The study authors pointed out that microbes generate carbon dioxide as a byproduct of fermentation, so harnessing that gas for use in the pretreatment phase leads to an even greener source of energy.
“Incorporating gaseous CO2 in this process means there’s no need for a neutralization step, and the pH can be switched on a dime by the addition or release of CO2,” said Simmons, who is also the division director for Biological Systems and Engineering at Berkeley Lab’s Biosciences Area. “When the pH adjustment is reversible, it makes the overall process more efficient because you can repeat the pretreatment cycle several times. And it costs less because now you can do everything in one reactor instead of three.”
Creating a ‘Silver Shotgun’
For several decades, researchers have been working to reduce the amount of energy and handling needed for each stage of this process. Some focus on engineering enzymes and bacteria so that they can withstand the exposure to ionic liquids, while this study focuses on neutralizing the ionic liquid so it won’t harm the enzymes and microbes.
“We are continuing to simplify biofuels production, and there are many ways to do this,” said Simmons. “Our mission at JBEI is to conduct innovative science to develop multiple solutions for bioenergy development that industry can pick from, depending upon which works best for their business model. We’re not creating a silver bullet. We’re creating a silver shotgun.”

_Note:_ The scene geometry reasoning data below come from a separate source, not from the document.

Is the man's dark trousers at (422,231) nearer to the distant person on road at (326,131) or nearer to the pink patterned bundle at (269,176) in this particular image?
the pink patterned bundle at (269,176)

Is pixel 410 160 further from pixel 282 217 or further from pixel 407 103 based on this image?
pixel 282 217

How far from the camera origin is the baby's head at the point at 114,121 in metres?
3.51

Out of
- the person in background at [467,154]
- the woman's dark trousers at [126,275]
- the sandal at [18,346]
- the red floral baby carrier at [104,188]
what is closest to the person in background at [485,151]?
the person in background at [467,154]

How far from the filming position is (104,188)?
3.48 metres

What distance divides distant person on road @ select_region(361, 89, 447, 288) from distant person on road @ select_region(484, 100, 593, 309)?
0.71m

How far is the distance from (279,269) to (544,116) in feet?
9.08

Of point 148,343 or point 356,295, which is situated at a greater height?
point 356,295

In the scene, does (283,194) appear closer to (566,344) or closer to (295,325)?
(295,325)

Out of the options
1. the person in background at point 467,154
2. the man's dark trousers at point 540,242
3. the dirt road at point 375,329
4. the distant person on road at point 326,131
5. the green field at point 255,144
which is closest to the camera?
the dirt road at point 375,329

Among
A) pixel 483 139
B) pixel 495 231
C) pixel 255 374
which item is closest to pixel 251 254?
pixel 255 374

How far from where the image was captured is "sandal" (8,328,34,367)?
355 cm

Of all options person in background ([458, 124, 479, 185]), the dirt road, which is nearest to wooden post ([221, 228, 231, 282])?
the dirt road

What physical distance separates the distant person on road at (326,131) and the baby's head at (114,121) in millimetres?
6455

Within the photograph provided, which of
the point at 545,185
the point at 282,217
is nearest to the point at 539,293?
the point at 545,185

The researchers turned to carbon dioxide knowing that when the gas is absorbed, the resulting chemical reactions with water increases the liquid’s acidity. (The same principal is at work in the world’s oceans, which have become increasingly acidic with the increased seawater absorption of carbon dioxide from the atmosphere.)

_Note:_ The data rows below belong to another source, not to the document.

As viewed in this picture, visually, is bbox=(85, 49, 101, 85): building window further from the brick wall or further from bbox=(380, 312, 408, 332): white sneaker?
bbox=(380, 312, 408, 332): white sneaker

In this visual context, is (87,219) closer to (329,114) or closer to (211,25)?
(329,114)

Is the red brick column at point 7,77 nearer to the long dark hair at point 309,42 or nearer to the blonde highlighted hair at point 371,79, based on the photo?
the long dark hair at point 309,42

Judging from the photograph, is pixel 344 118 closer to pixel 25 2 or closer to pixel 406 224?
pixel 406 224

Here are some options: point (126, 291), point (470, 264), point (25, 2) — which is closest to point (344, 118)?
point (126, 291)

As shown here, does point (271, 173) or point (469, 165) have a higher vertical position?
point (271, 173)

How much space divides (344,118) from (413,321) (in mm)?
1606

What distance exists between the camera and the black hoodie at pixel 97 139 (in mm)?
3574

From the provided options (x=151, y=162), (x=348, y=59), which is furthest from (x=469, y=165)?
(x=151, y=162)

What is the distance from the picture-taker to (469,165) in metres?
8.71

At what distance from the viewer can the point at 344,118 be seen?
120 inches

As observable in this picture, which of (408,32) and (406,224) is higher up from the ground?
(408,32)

For their experiments, the researchers screened 15 types of ionic liquid at various concentrations. Of the ionic liquids, the scientists determined that cholinium lysinate, an ionic liquid formed by mixing the amino acids choline and lysine, was most compatible with commercially available enzyme mixtures and fermentation mixtures. They then conducted tests with various concentrations and pressures of carbon dioxide.
Applying up to 145 pounds per square inch of carbon dioxide to the system shifted the pH to a range that was optimal for the enzymes and microbes. This enabled the researchers to get more than 83 percent of the theoretical yield of ethanol from the glucose initially present in biomass.

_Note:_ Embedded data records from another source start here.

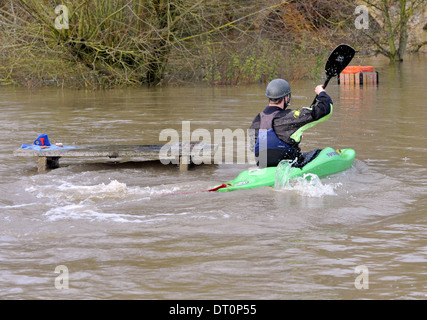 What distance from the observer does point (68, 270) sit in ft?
14.3

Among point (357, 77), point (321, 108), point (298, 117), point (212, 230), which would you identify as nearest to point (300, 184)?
point (298, 117)

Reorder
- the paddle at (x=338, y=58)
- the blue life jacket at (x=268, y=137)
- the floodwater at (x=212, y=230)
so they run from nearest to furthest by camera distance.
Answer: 1. the floodwater at (x=212, y=230)
2. the blue life jacket at (x=268, y=137)
3. the paddle at (x=338, y=58)

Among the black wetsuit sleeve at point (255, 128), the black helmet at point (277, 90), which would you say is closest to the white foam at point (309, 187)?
the black wetsuit sleeve at point (255, 128)

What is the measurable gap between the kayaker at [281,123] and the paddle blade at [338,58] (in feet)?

The researchers said that this process could soon be ready for implementation in ethanol production.
“There are many challenges left, but we’re very proud of how quickly this line of research has progressed,” said Singh.
The next steps are to adapt this to the production of “drop-in” advanced biofuels that can directly replace blendstock for today’s automotive, diesel and aviation fuels, the researchers said.
The study lead author is Jian Sun, a postdoctoral researcher at JBEI. Other co-authors are N.V.S.N. Murthy Konda, Jian Shi, Ramakrishnan Parthasarathi, Tanmoy Dutta, Feng Xu, and Corinne Scown.
JBEI is supported by DOE’s Office of Science.